Backed out of inbound due to possible OS X 10.5 Ts regression, a=dao: http://hg.mozilla.org/integration/mozilla-inbound/rev/2c7e8a50af12 https://groups.google.com/forum/#!topic/mozilla.dev.tree-management/Bqnlw-ZvI54 Ts, MIN Dirty Profile increase 7.31% on MacOSX 10.5.8 Mozilla-Inbound Previous: avg 720.526 stddev 4.673 of 30 runs up to revision 2642c7b0dc60 New : avg 773.210 stddev 0.431 of 5 runs since revision 5f430b3d9aa4 Change : +52.684 (7.31% / z=11.275) Ts, MED Dirty Profile increase 7.55% on MacOSX 10.5.8 Mozilla-Inbound Previous: avg 722.389 stddev 4.025 of 30 runs up to revision 2642c7b0dc60 New : avg 776.958 stddev 2.870 of 5 runs since revision 5f430b3d9aa4 Change : +54.568 (7.55% / z=13.558)

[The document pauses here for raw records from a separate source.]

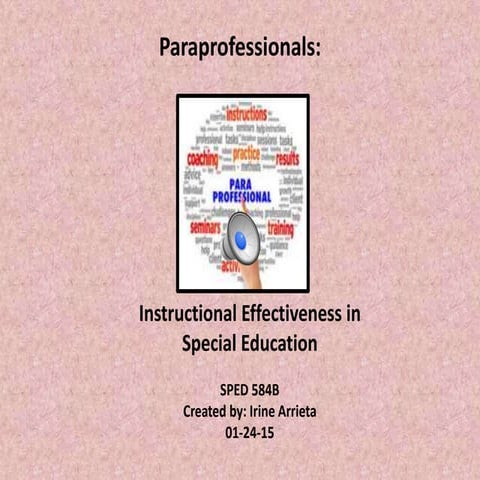 Ppt paraprofessionals and instruction 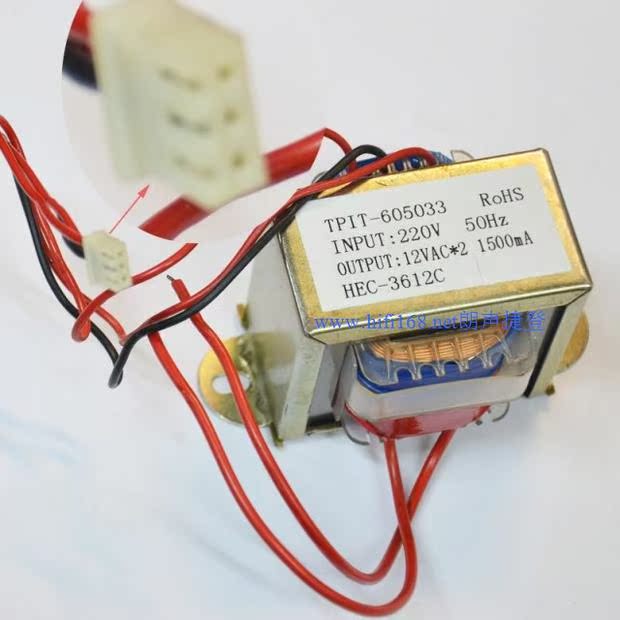 Import 36W   double 12V   Power transformer   input : 220V / 50Hz   output : double 12V / 1500mA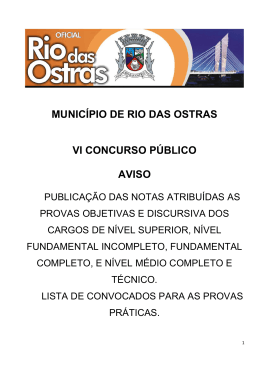 Edital do concurso público da Prefeitura de Rio das Ostras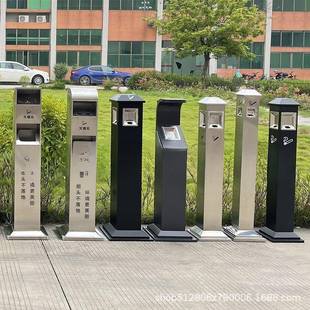 不锈灭烟柱挂墙式烟灰蒂柱户外落地烟灰缸吸烟区钢烟头烟可无品牌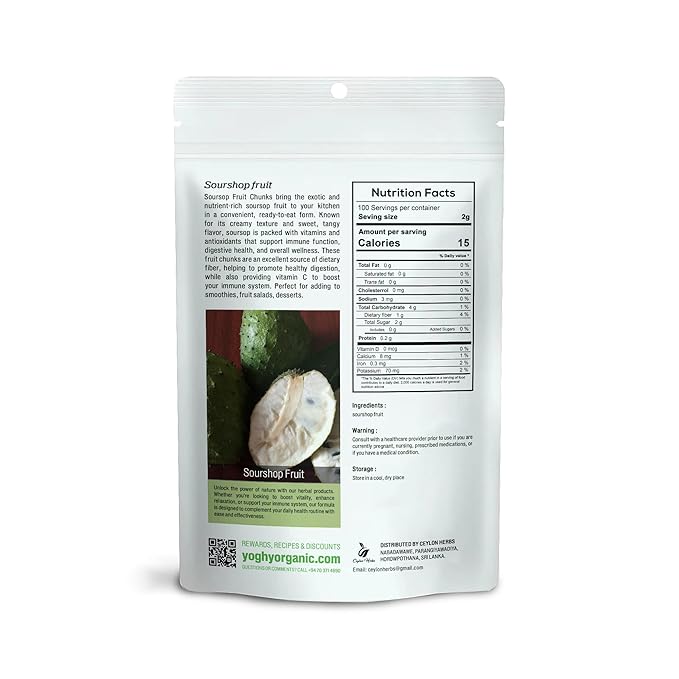 200g Soursop Fruit Chunks - Pure Naturally Dried for Snacks Smoothies and Culinary Use Healthy Dried Fruit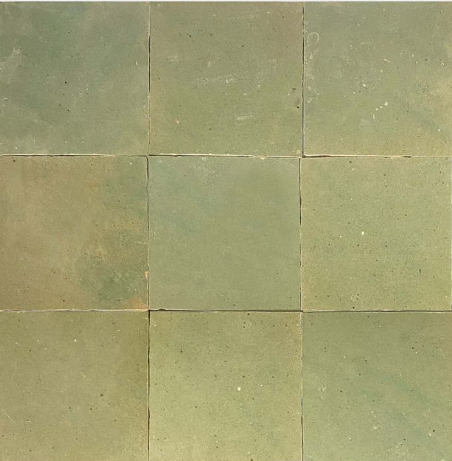 Nine Olive Grove 2x2 tiles by New York Cement Tile in a 3x3 grid, showing color variation and textured surface.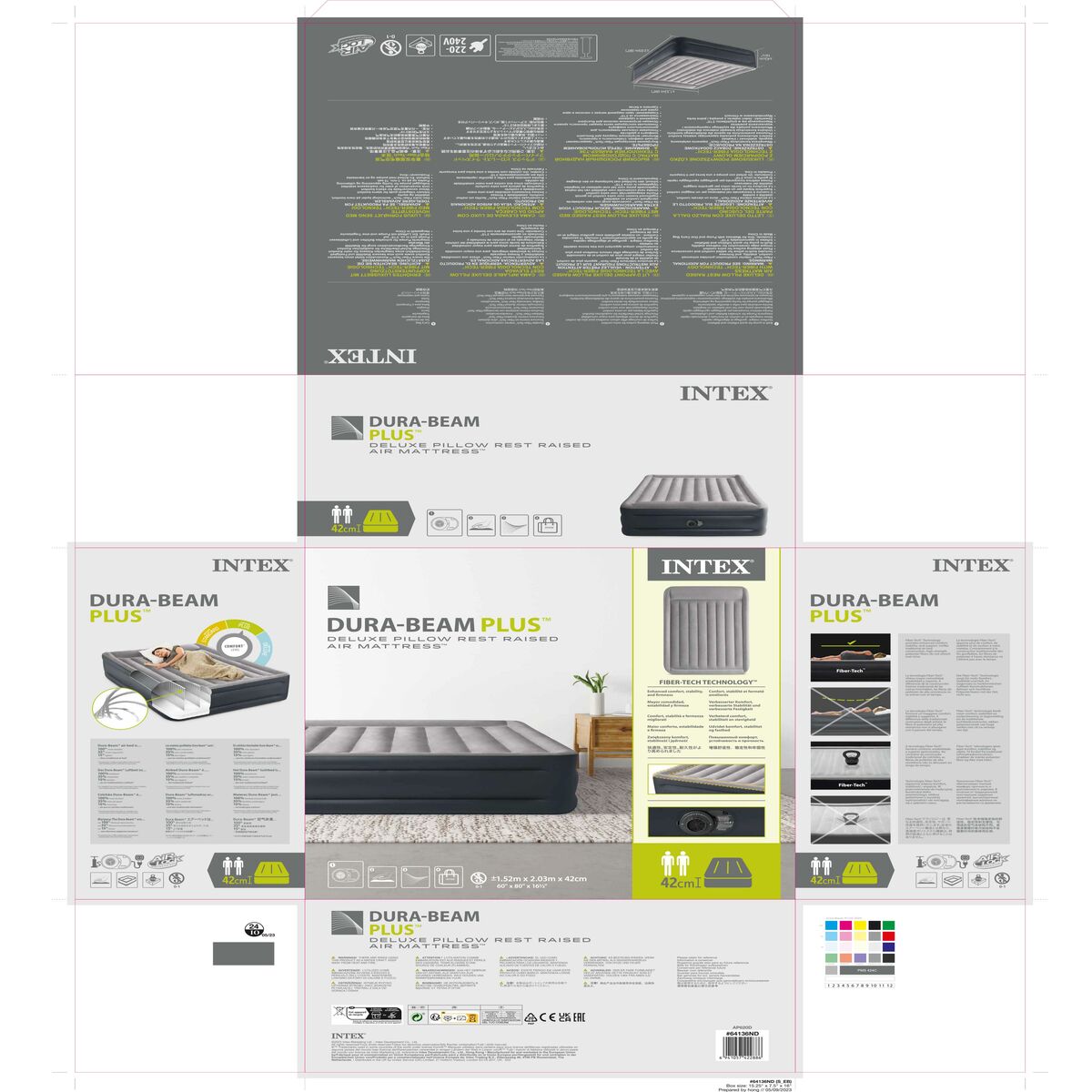 Lit Gonflable Intex Beam Basic Deluxe Queen 152 x 42 x 203 cm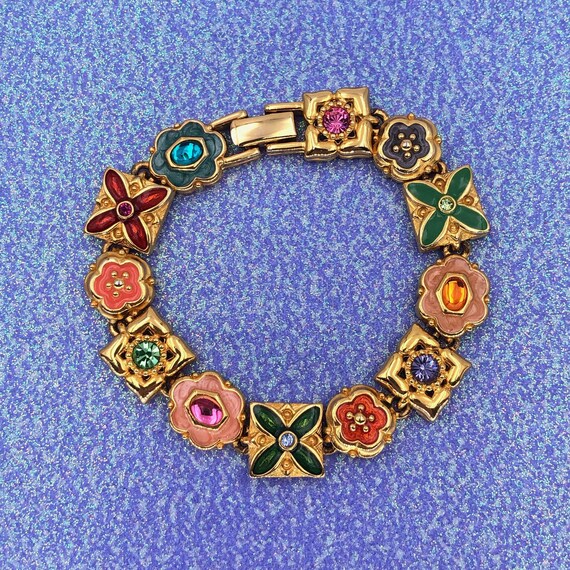 Joan Rivers Multi Colored Enamel and Rhinestone Fl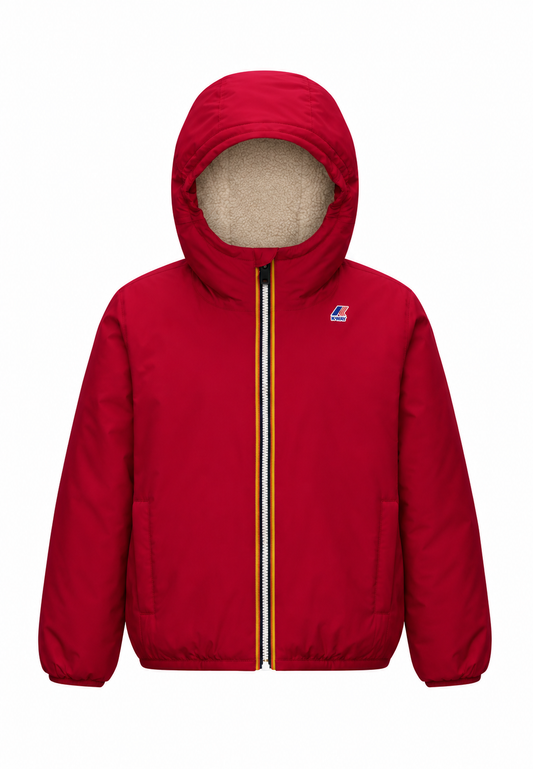 Kway giubbotto rosso con cappuccio imbottitura calda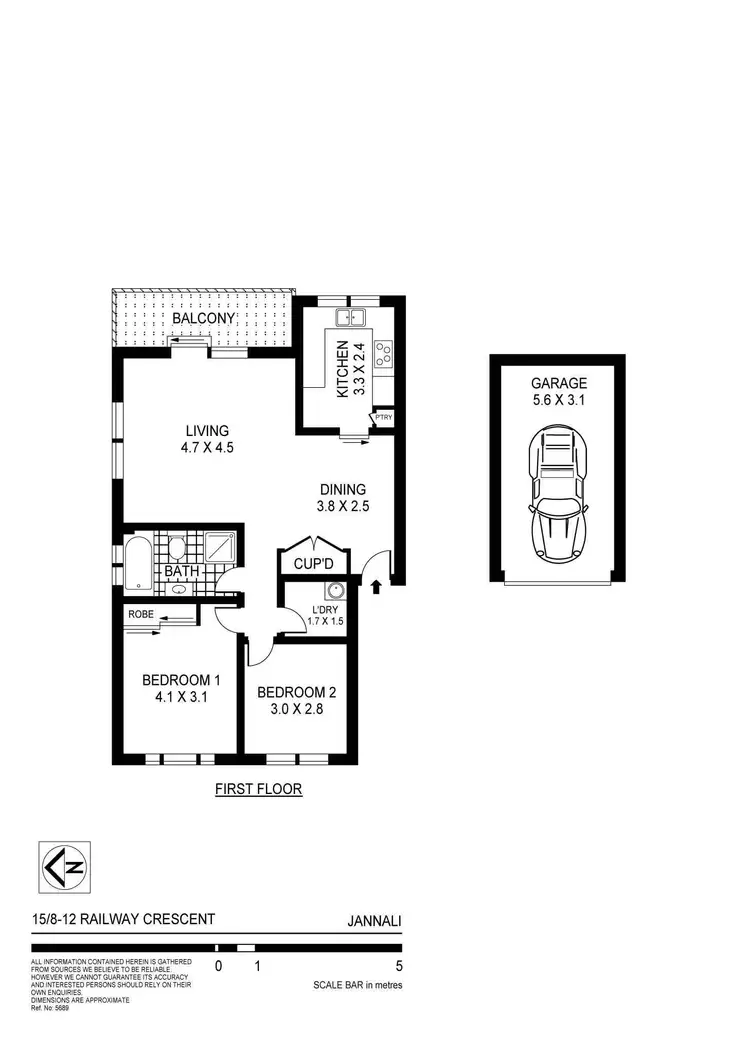Floorplan of Homely unit listing, 15/8-12 Railway Crescent, Jannali NSW 2226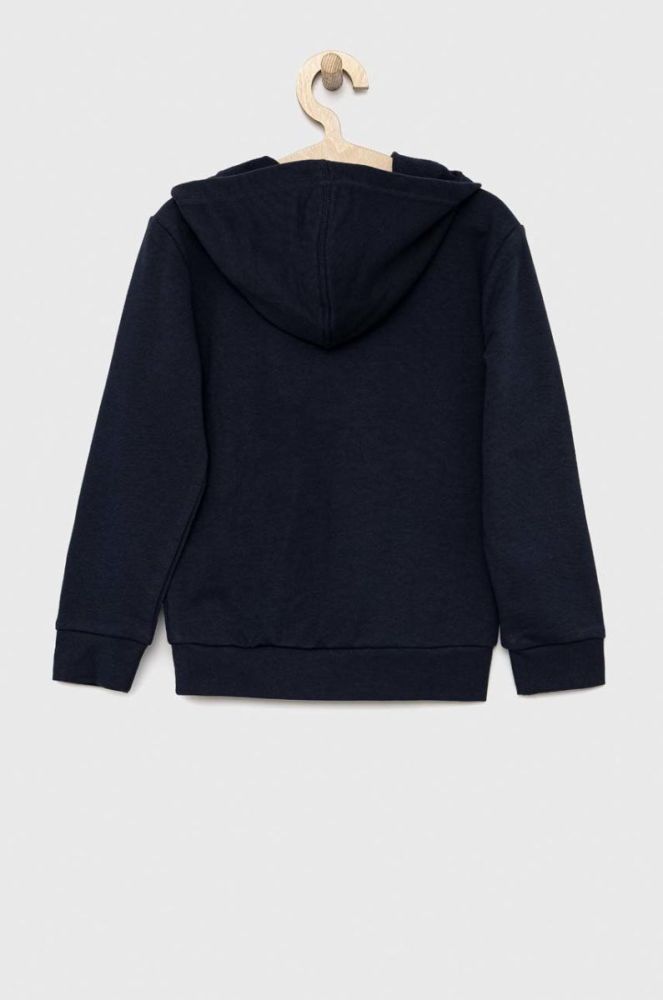 Дитяча кофта adidas U BL 2 HOODIE колір синій з капюшоном з принтом фото 2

Even if almost unnoticeable, looks like there may be also a plain Ts and Ts,paint regression on 10.5.8, the graph is higher. But no change on 10.6
Thanks for backing out, Ed. There are two things going on in the patch: 1. It avoids the clownshoes (i.e. wasted space due to rounding). This should be pure win, though a smaller win on Mac OS because it's allocator doesn't round up as hard as jemalloc. 2. It increases the size of several JSArena sizes. I thought this would be a perf win because bigger arenas makes for fewer calls to malloc, and these arena pools typically have lots of arenas. I'll try the two parts individually, try to work out what's going on.
I did a Talos try run with just part 1 from comment 15. The results looked innocuous, but who knows if I was reading them correctly. So I'll roll the dice again: http://hg.mozilla.org/integration/mozilla-inbound/rev/240cfe9e5c2c
Backed out again, this time the fly in the ointment was a Win7 debug xpcshell failure in services\sync\tests\unit\test_errorhandler_filelog.js like https://tbpl.mozilla.org/php/getParsedLog.php?id=6322901, and I'm a touch suspicious of the explosion in https://tbpl.mozilla.org/php/getParsedLog.php?id=6324035&full=1, a WinXP debug mochitest-1 that hit an "Assertion failure: fun->getProto() == proto, at e:\builds\moz2_slave\m-in-w32-dbg\build\js\src\jsfun.h:458" running test_audio_event_adopt.html (and then turned purple because it failed to kill off the unhappy process).
Bug 684039 completely rewrote JSArena and fixed the clownshoes in the process.